**What needs to be done**
Exactly the lines below, starting with the one containing "Jahrhundert in Maastricht." and going on through the one containing "BMW 5 Series", must be reproduced, both ends included, and no pictures with them.

Caption-style text data:
········
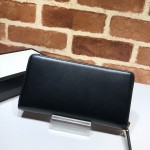 Gucci Leather zip around wallet with Gucci logo black 547591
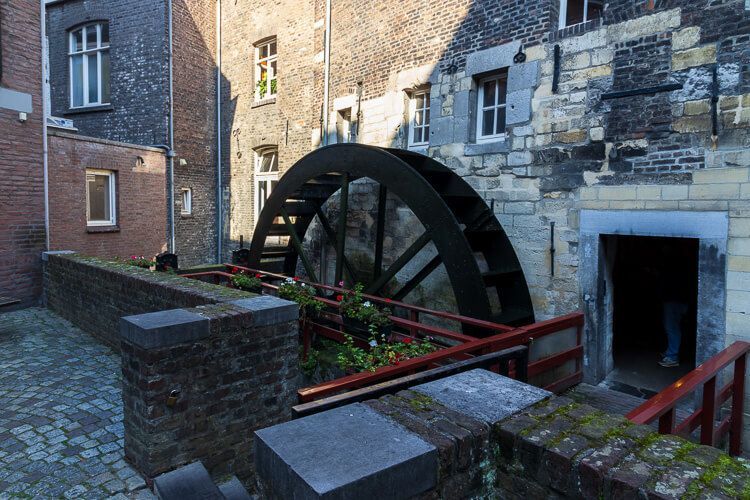 Historisches Mühlrad Bisschopsmolen aus dem 11. Jahrhundert Historisches Mühlrad Bisschopsmolen aus dem 11. Jahrhundert in Maastricht.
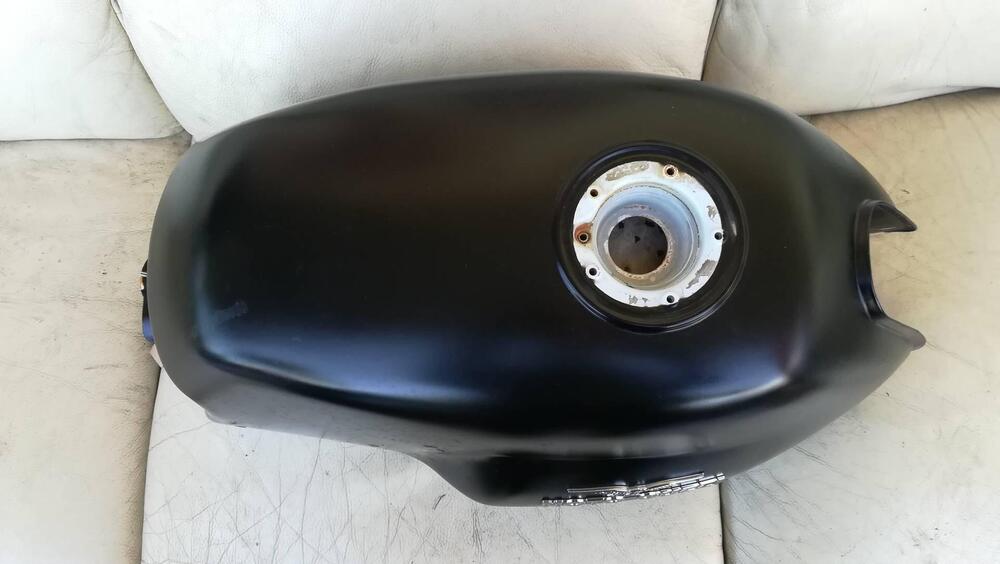 Serbatoio Moto Guzzi V7 (2)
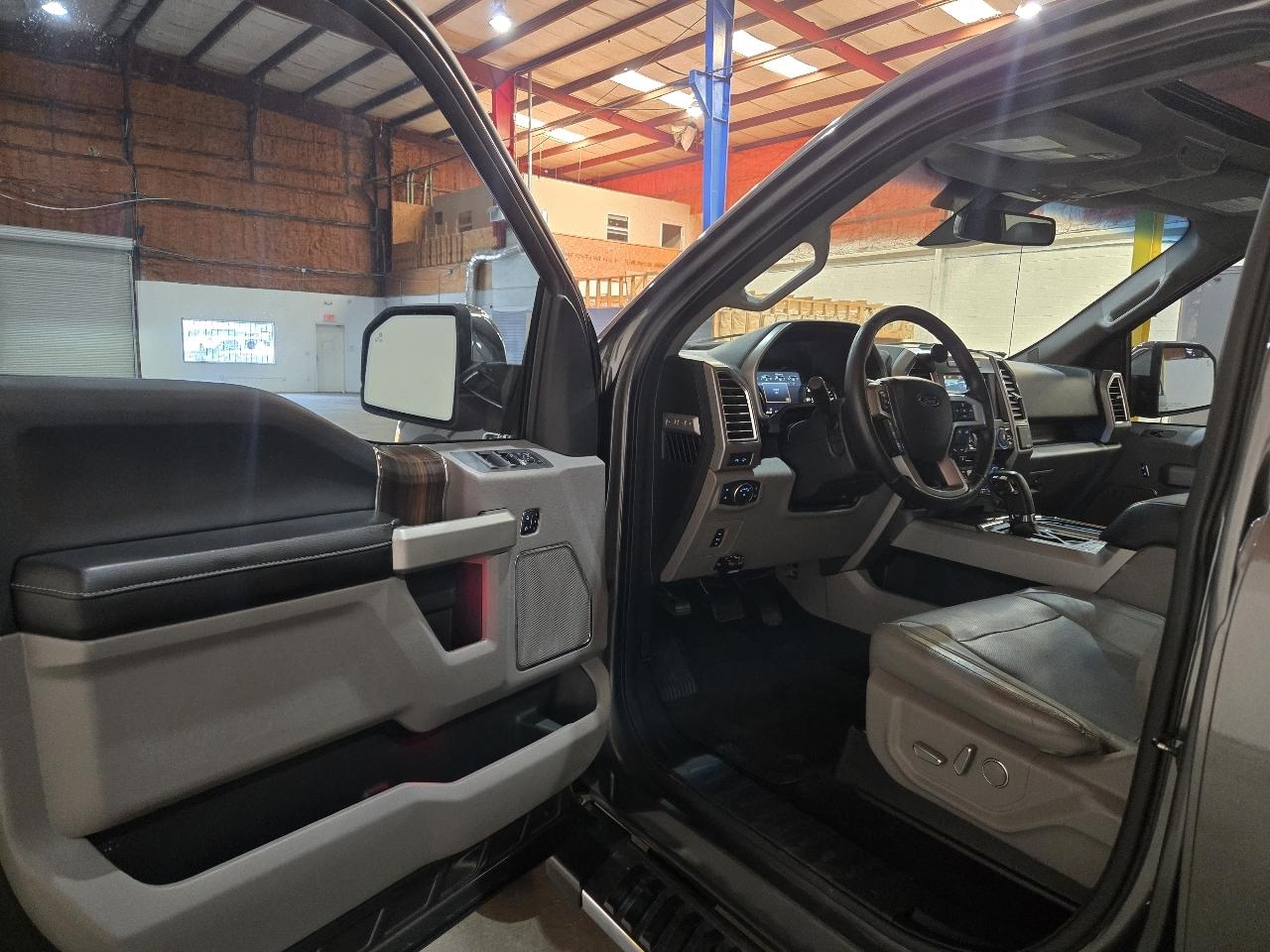 Ford F-150 4WD SuperCrew 145" XLT 2016
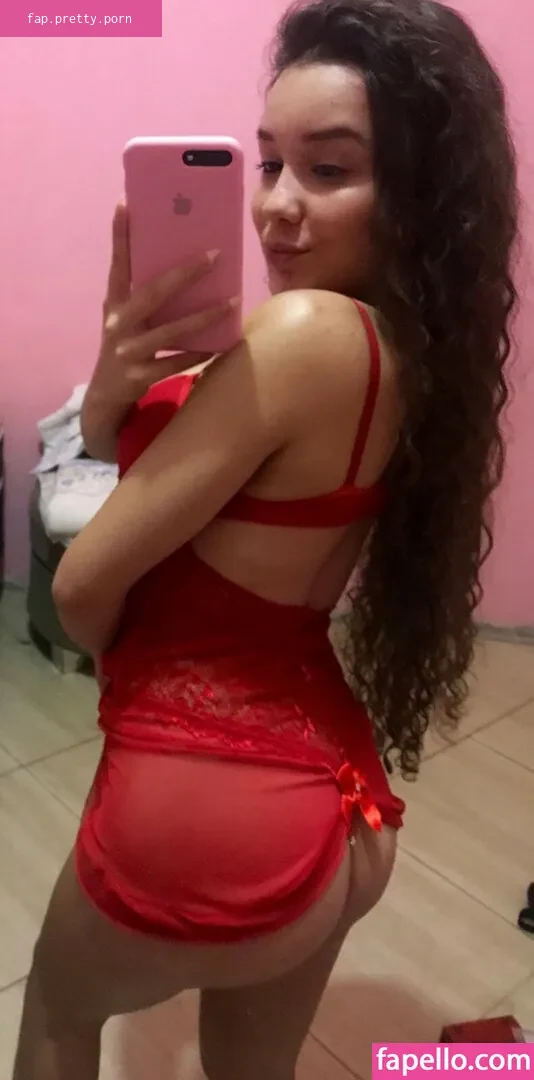 Emilly Santos - Photo #01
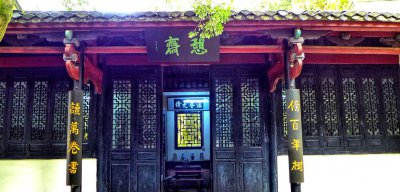 ��¹����Ժ������ ��ʲô��ɫ���������ʷ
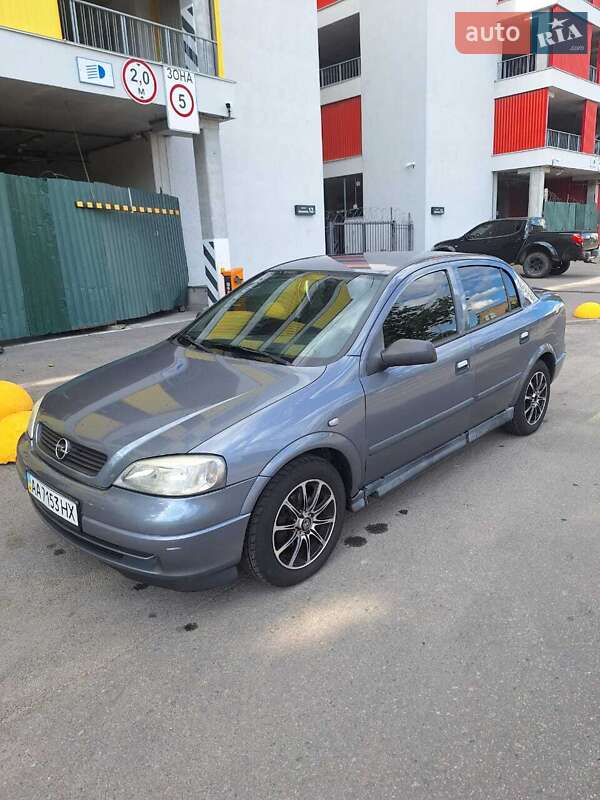 Седан Opel Astra 2008 в Києві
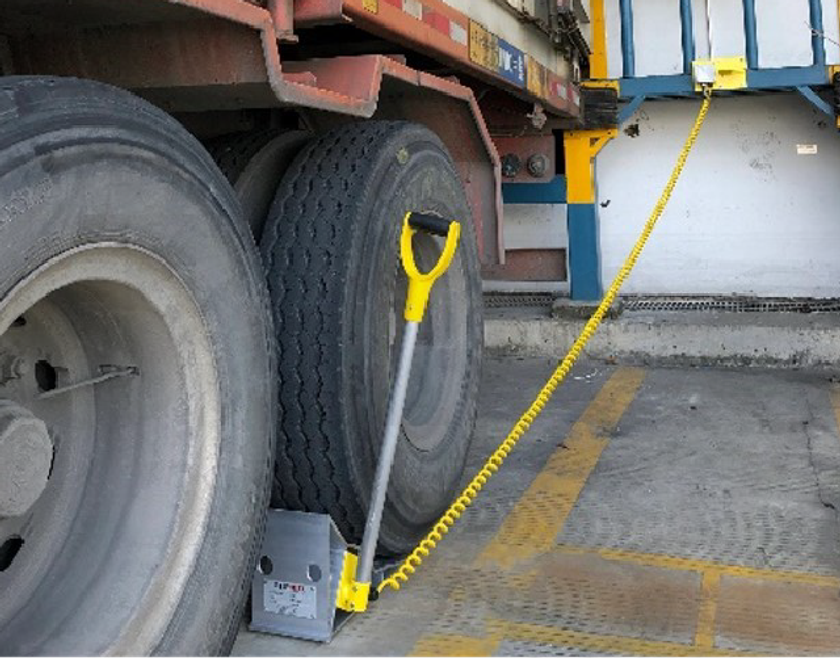大型トラックの車輪に取り付けられた赤いRHロゴ入りの半自動タイプのホイールロック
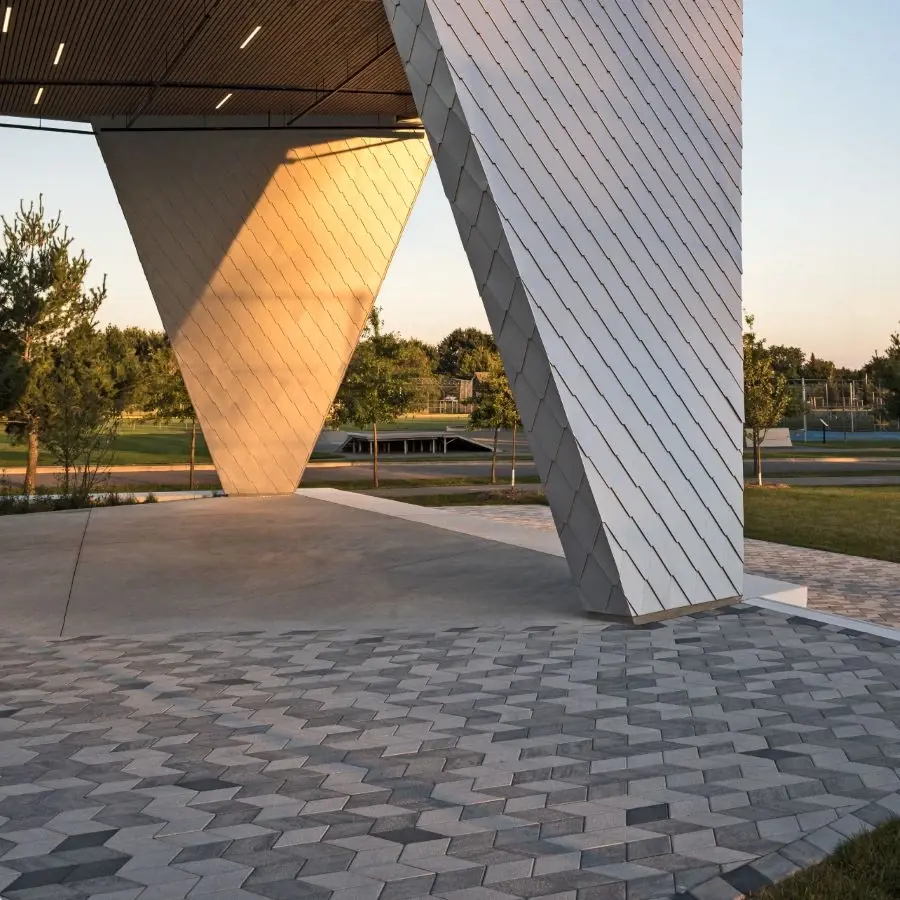 Espace public du parc Philippe-Villeneuve avec un design géométrique en pavés Diamond de Techo-Bloc, créant un lieu de rencontre marquant pour la communauté.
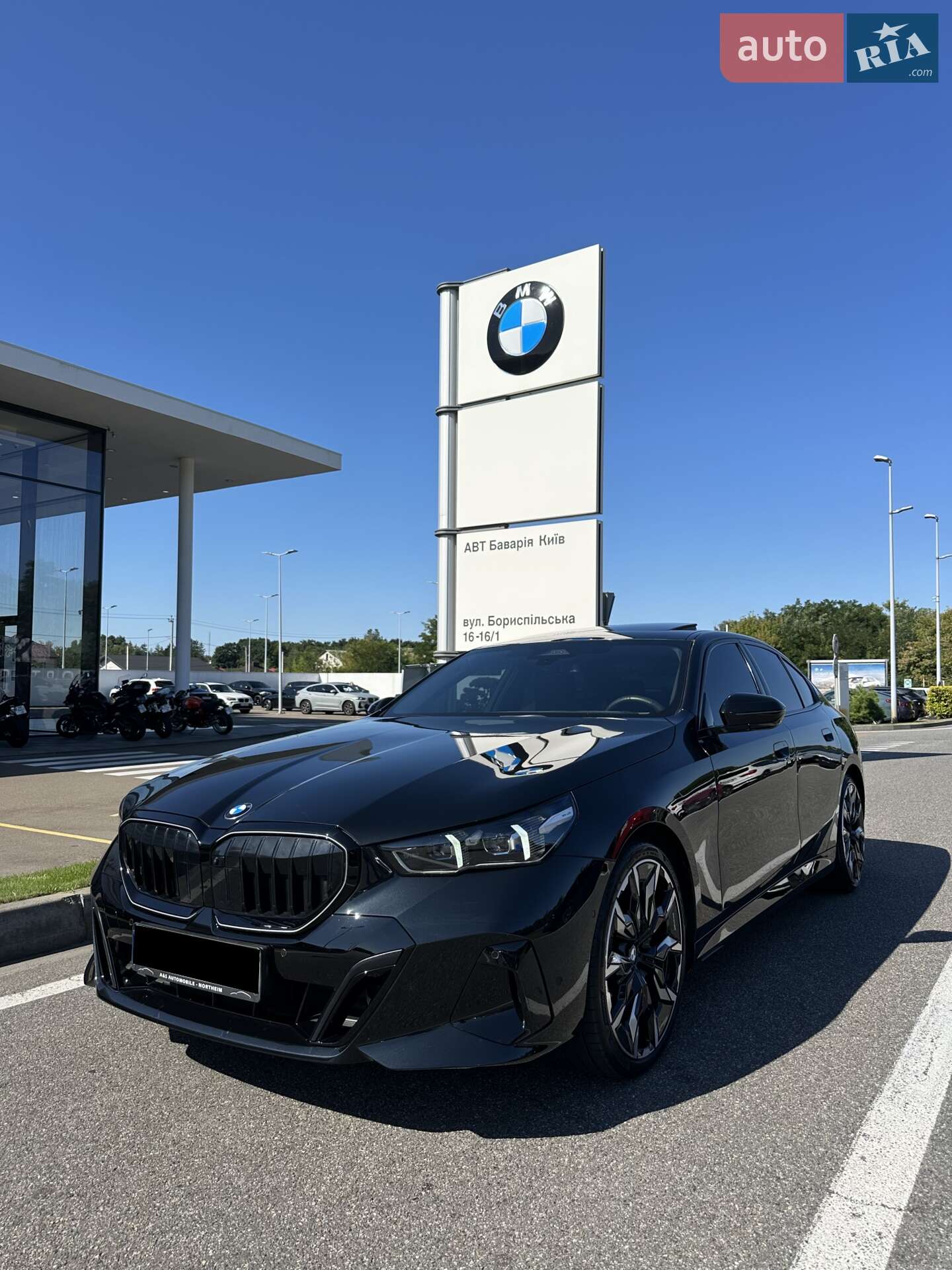 BMW 5 Series 2024 VIN WBA43FJ07RCS13515 фото оголошення 3 з 40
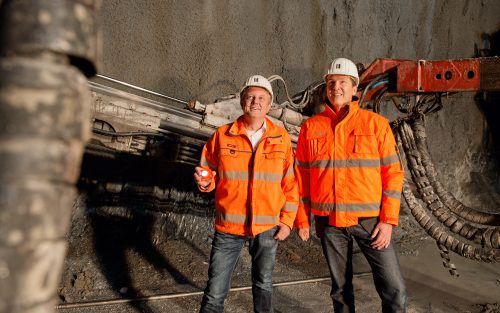ASFINAG-Bau-Managment-Geschäftsführer Gernot Brandtner (rechts) und ASFINAG-Projektleiter Richard Loidl beim Baustellenbesuch. © ASFINAG / Ramsbacher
········
**Exercise result**
 Historisches Mühlrad Bisschopsmolen aus dem 11. Jahrhundert Historisches Mühlrad Bisschopsmolen aus dem 11. Jahrhundert in Maastricht.
 Serbatoio Moto Guzzi V7 (2)
 Ford F-150 4WD SuperCrew 145" XLT 2016
 Emilly Santos - Photo #01
 ��¹����Ժ������ ��ʲô��ɫ���������ʷ
 Седан Opel Astra 2008 в Києві
大型トラックの車輪に取り付けられた赤いRHロゴ入りの半自動タイプのホイールロック
 Espace public du parc Philippe-Villeneuve avec un design géométrique en pavés Diamond de Techo-Bloc, créant un lieu de rencontre marquant pour la communauté.
 BMW 5 Series 2024 VIN WBA43FJ07RCS13515 фото оголошення 3 з 40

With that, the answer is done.